Monsignor Aldo Rosati has always had a weakness for relics of the Virgin Mary. That certainly explains why he was in Civitavecchia at the weekend, together with a 50-strong group of pilgrims from Bologna, to venerate the plaster statue of the Madonna that hit the headlines last year after it was seen weeping tears of human blood.

And maybe it also explains why, on seeing a copy of the statue in a shrine in the owners' garden, the good Monsignor simply picked it up, put an imitation in its place and walked off with it stashed away in a bag.

Yesterday the city of Civitavecchia, along with the Catholic hierarchy in Bologna, was squirming with embarrassment at the news that a 73-year- old cleric had apparently committed an act of larceny in the name of religious veneration.

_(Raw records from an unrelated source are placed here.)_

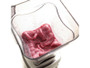 Omega 3hp Blender BL630 Silver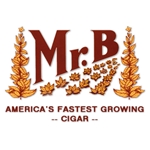 Discount Hand Rolled Premium Cigars | Best Prices Online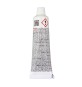 INDURITORE P/SINTOLIT/SINTOFER TUBETTO 30 G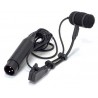 AUDIO-TECHNICA PRO35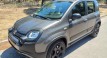 Fiat Panda 2021 1.0 HYBRID EASY CROSS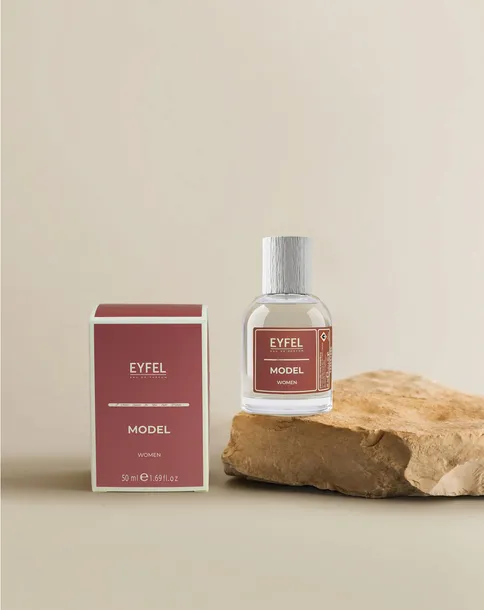 eyfel-perfumy-damskie-model-rodzaj-woda-perfumowana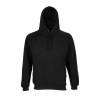 Sweat-shirt unisexe à capuche - CONDOR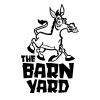 barnyard profile picture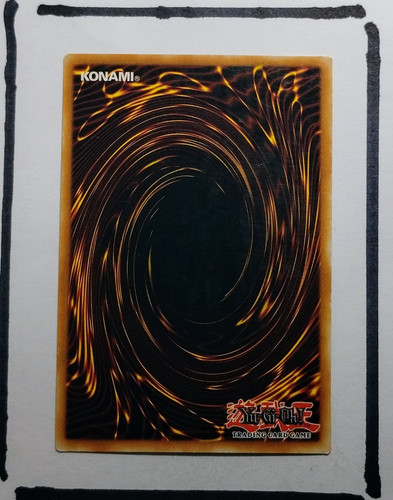 IMG 20250327 195914157.jpg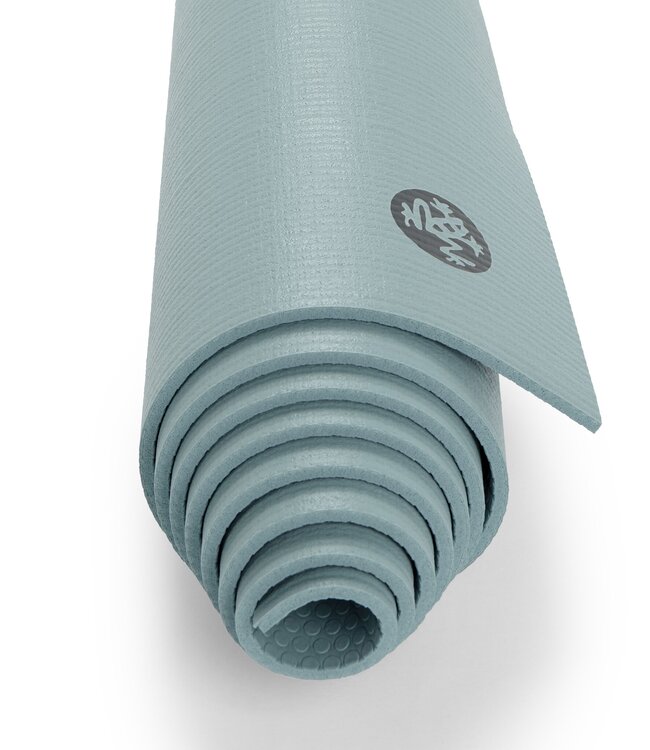 PROlite Mat Blue Lotus – Manduka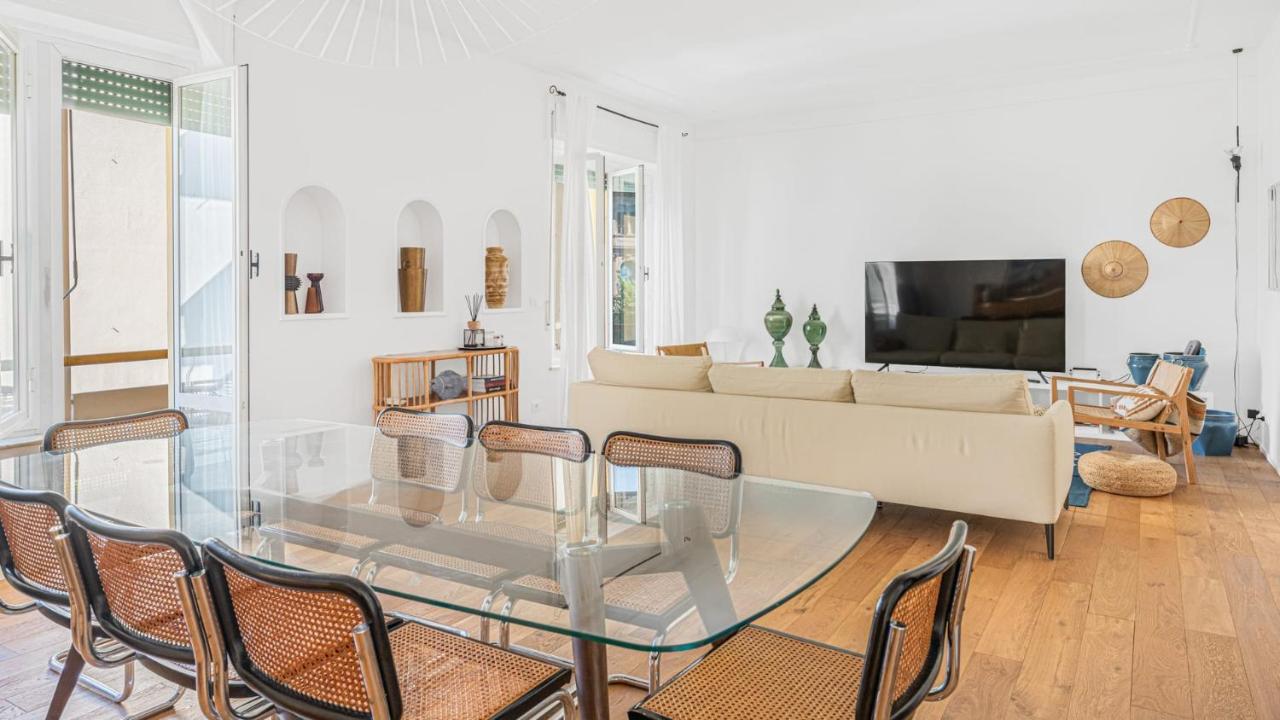 Casa Margherita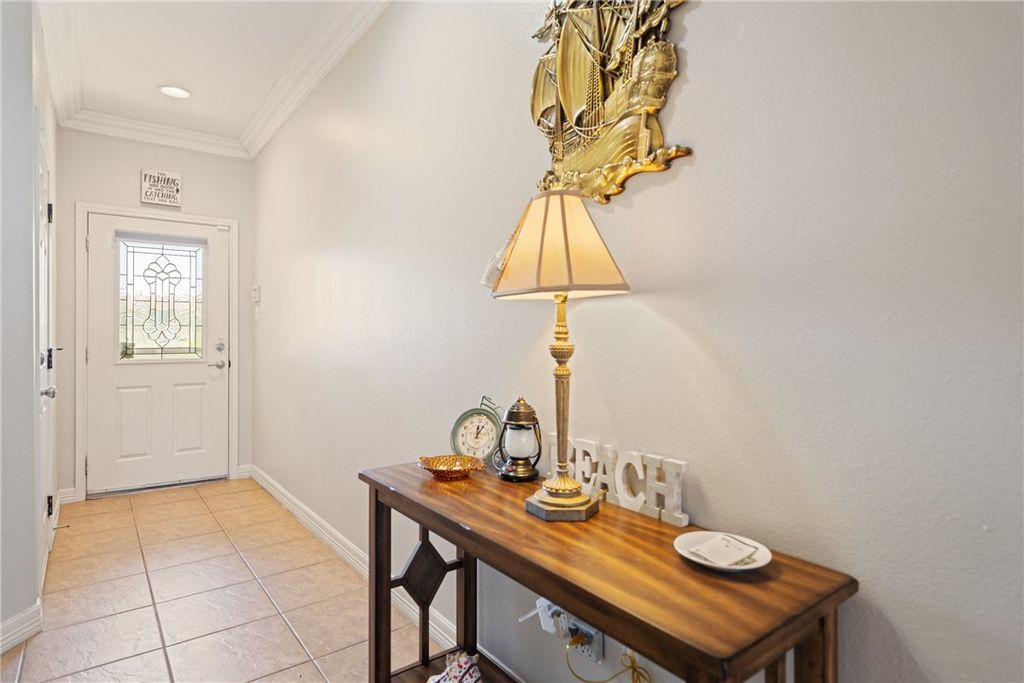 15402 Seamount Cay Ct 101, Corpus Christi, TX 78418 — photo 3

Admittedly, Monsignor Rosati did not filch the original weeping Madonna, which sits in a special chapel in the local church behind a screen of bullet-proof glass. But he took the next best thing, a copy blessed by the Pope's special adviser on miracles, Cardinal Andrzej Deskur, from the garden of the Gregori family which first reported the miraculous weeping. To compound the crime, he also took a stone out of the homemade shrine in which the statue stood.

It didn't take long for the Gregori family to spot the theft since the replacement statue, was badly chipped. The police soon linked the incident to the Bolognese pilgrims, and within hours a highway patrol - lights flashing and sirens blazing - had pulled their coach over on the main Rome-Milan motorway near Arezzo.

One by one the passengers were asked to open their bags, until eventually Father Aldo produced the statue of his own accord saying he had taken it with the assent of the Gregori family - a story the Gregoris vigorously deny.

Theft has been a failing of Italian Catholics ever since the city of Venice stole the body of St Mark from Alexandria in the 8th century. Yesterday, the Bologna Curia did its best to defend Monsignor Rosati, saying he had acted in "absolute good faith" and blaming the media for giving him sleepless nights.